Err, that's... simply not right. The difference isn't that dramatic.

  $ docker run -it ubuntu:16.04 sh -c 'apt-get update && apt-get install phantomjs'
    134 newly installed. After this operation, 339 MB of additional disk space will be used.
  $ docker run -it ubuntu:16.04 sh -c 'apt-get update && apt-get install chromium-browser'
    202 newly installed. After this operation, 615 MB of additional disk space will be used.


I'm assuming a lot of those dependencies (x11, libgtk) will disappear once installing a special headless version of chrome.


Not everyone is using Docker.


Besides testing, my team uses phantomjs to convert pages to PDF and also to convert javascript generated charts to images. This is sad news, I'm don't think chrome eventually will add support for.


There's wkhtmltopdf[1] when you need the PDF functionality. It is licensed with LGPL, so you can make it interop with your commercial product.

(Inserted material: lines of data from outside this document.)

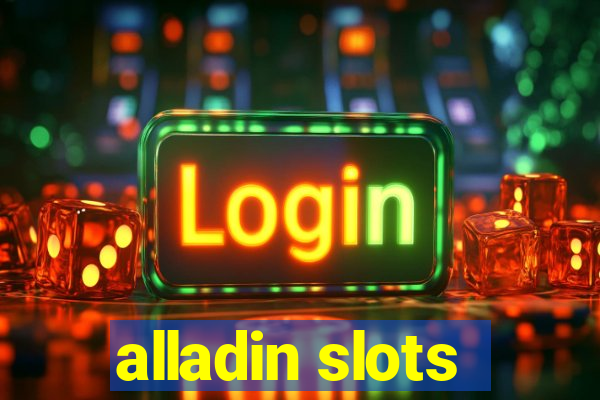 alladin slots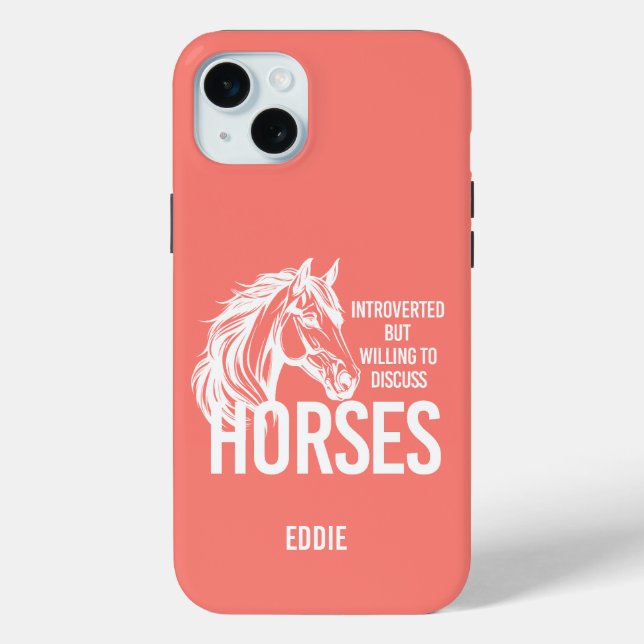 Coques Case-Mate iPhone Introverted mais disposé à discuter de chevaux drô (Verso)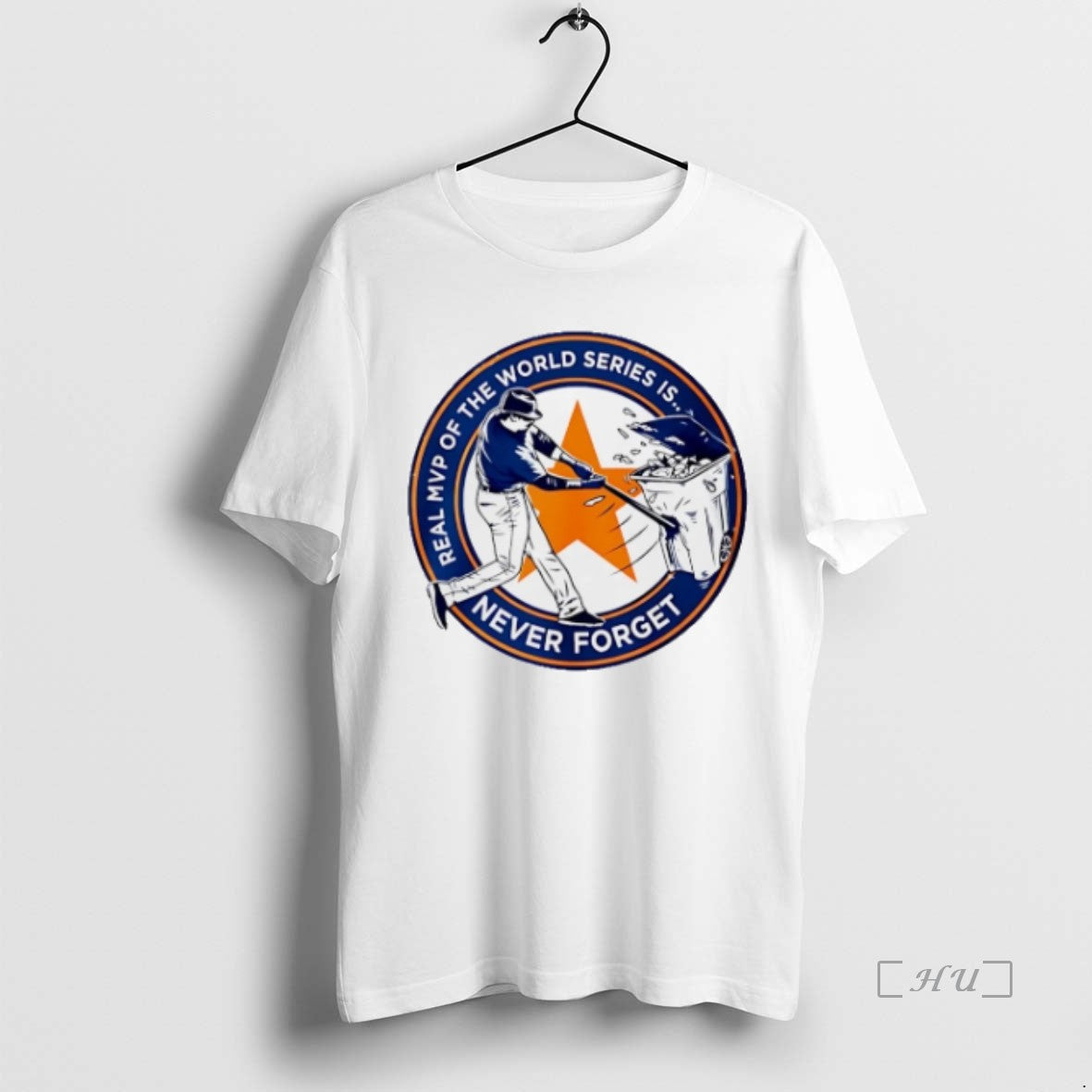 Officials Houston Astros Real Mvp Of The World Series Is Never Forget Premium T Shirts Hoodie Sweatshirt | PurePodTees.com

[1]: https://wkhtmltopdf.org/


And there's its sister project wkhtmltoimage for rendering to images as well :) Sadly, though, the browser seems way behind the times so I think Chrome will win the next round. I built a prototype library for rendering pages to animated GIFs using the Chrome debugging protocol, but headless will make it even easier: https://github.com/peterc/chrome2gif


While it's much better than PhantomJS, still causes a lot of issues. We run a paid pet project [1] for html to pdf conversion and most of our customers have stories beginning with PhantomJS then moving to wkhtmltopdf then finally going for something else due to issues with both.

Headless Chrome might solve this issue once and for all though.

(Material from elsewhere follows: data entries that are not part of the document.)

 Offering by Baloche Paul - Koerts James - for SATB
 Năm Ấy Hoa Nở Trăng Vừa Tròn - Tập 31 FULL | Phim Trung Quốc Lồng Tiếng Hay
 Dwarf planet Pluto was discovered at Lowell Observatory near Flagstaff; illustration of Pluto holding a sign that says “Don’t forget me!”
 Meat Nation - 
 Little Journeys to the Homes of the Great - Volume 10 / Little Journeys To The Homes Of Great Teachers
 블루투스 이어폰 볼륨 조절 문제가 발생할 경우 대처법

[1] https://restpack.io/html2pdf


For me the only issue was kerning with some specific fonts on windows servers. Do you have any other examples?

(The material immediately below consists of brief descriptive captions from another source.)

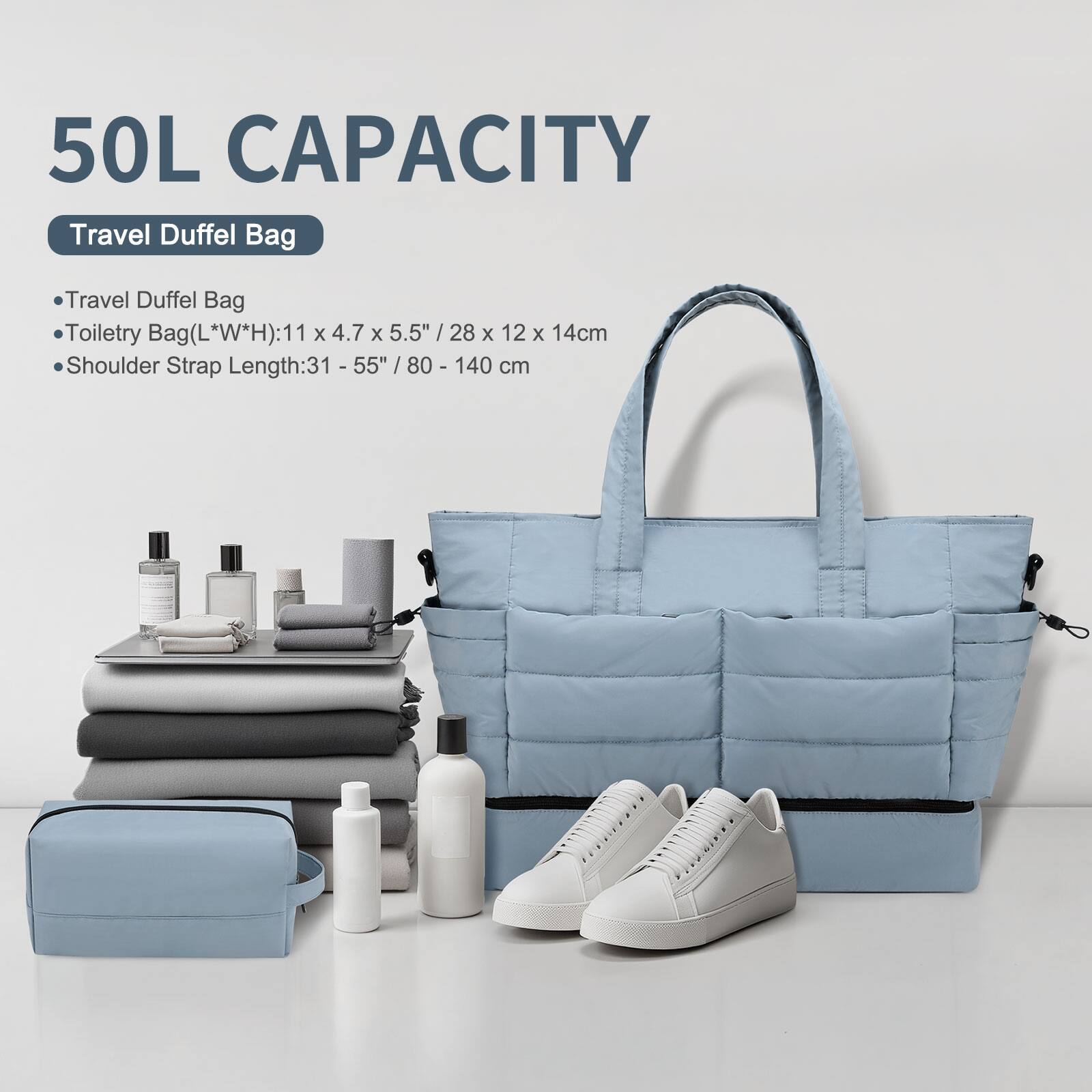 50L CAPACITY  
Travel Duffel Bag  

- Travel Duffel Bag  
- Toiletry Bag (L*W*H): 11 x 4.7 x 5.5" / 28 x 12 x 14cm  
- Shoulder Strap Length: 31 - 55" / 80 - 140 cm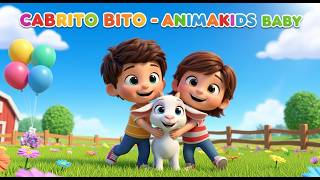 O CABRITO BITO , DESENHO MUSICAL EDUCATIVO , SOM DO ANIMAL  CABRA para crianças , ANIMAKIDS BABY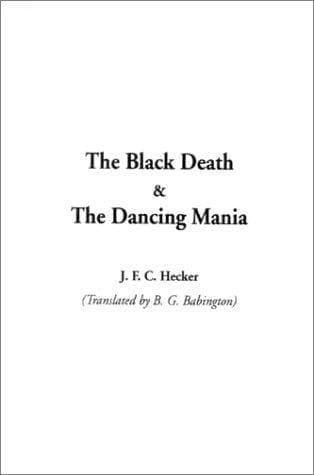 Cover image for The Black Death & the Dancing Mania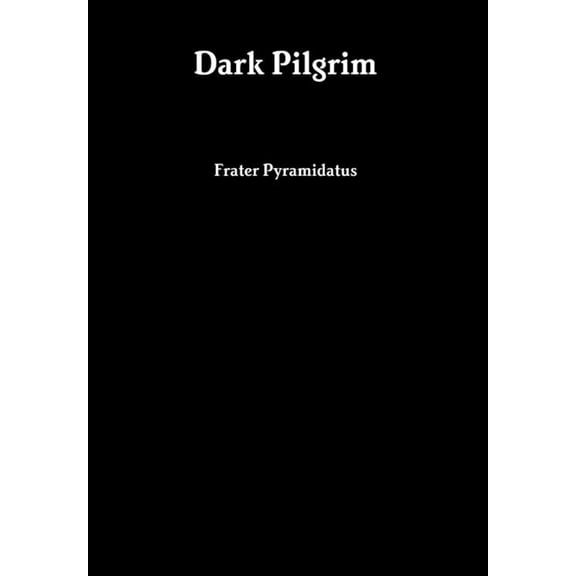 Dark Pilgrim, (Hardcover)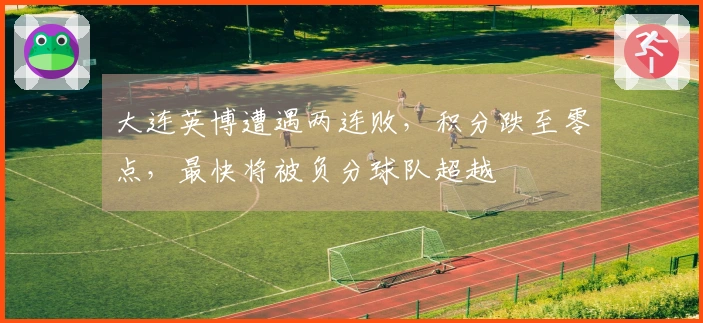 大连英博遭遇两连败，积分跌至零点，最快将被负分球队超越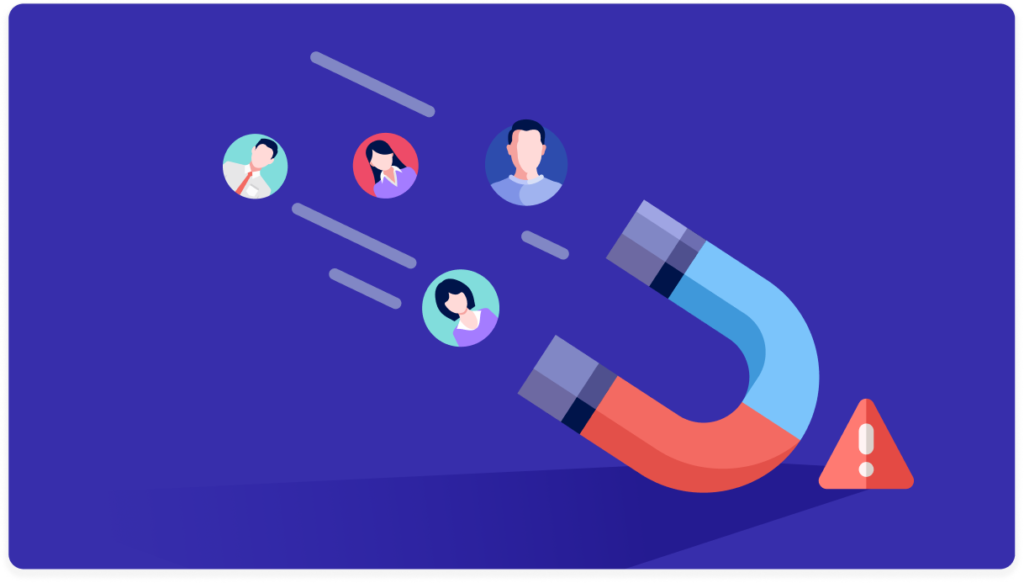 Magnet pulling in user profiles with a warning sign nearby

I have been using it for almost 2 years on a production server to generate html orders to PDF on the fly, such an amazing tool.


Second wkhtmltopdf ... I love PhantonJS but wkhtmltopdf is a better tool for PDFs.


did you have luck with SPA to PDF? I recall I tried it but with no luck for good javascript support.


SPA as in Single Page Application?

We are using it for reports and we are tailoring our HTML specifically to the reports so we haven't had that issue. If I needed Javascript it may not be the best solution.

I like that it generates full PDFs (with real text objects) though not just a static image. I'm not sure if you can generate a PDF like that with PhantomJS. I haven't tried.


We recently ended up using NightmareJS with xvfb in Debian Docker image to produce high fidelity PDF's.

Seems to work well so far.


Chrome will have headless save to PDF fairly soon: https://bugs.chromium.org/p/chromium/issues/detail?id=603559


You can use WebDriver to take screenshots. OTOH I don't think there's any way to do PDF generation without fucking around with injecting window.print() and trying to go from there.


Hey - what do you use for the pdf conversion specifically? We've been looking for something like this. Thanks in advance.


Many thanks to the maintainer for his work. I think this isn't unexpected, and actually encourage other unpaid maintainers to follow. Reason I'm thinking this is that the current state of voluntary support is unsustainable anyway, and by letting it go we maybe could make the market for dev tools economically viable again.


PhantomJS is a great tool, I implemented it as a PDF report generating system. But will Chromium be able to replace it in this regard? Will Chromium have paging features? Will it be able to repeat table headers when a table body content extends to the next page?


I can't answer all of your questions, but this thread may interest you: https://news.ycombinator.com/item?id=14102248


Huge help, thank you!


You deserve a nobel peace prize.

I recall fondly informally introducing colleagues to chrome dev tools, injecting jquery via a booklet, and querying the dom like xml xpath. Then taking this headless (server-side) with almost minimal wrapping due to your work.

Hail you and damn regexp.. :)


Anybody know how to port code from using PhantomJS to headless Chrome? I have been using CasperJS that wraps to PhantomJS. PhantomJS had its own set of commands. headless chrome will have to be different one way or another.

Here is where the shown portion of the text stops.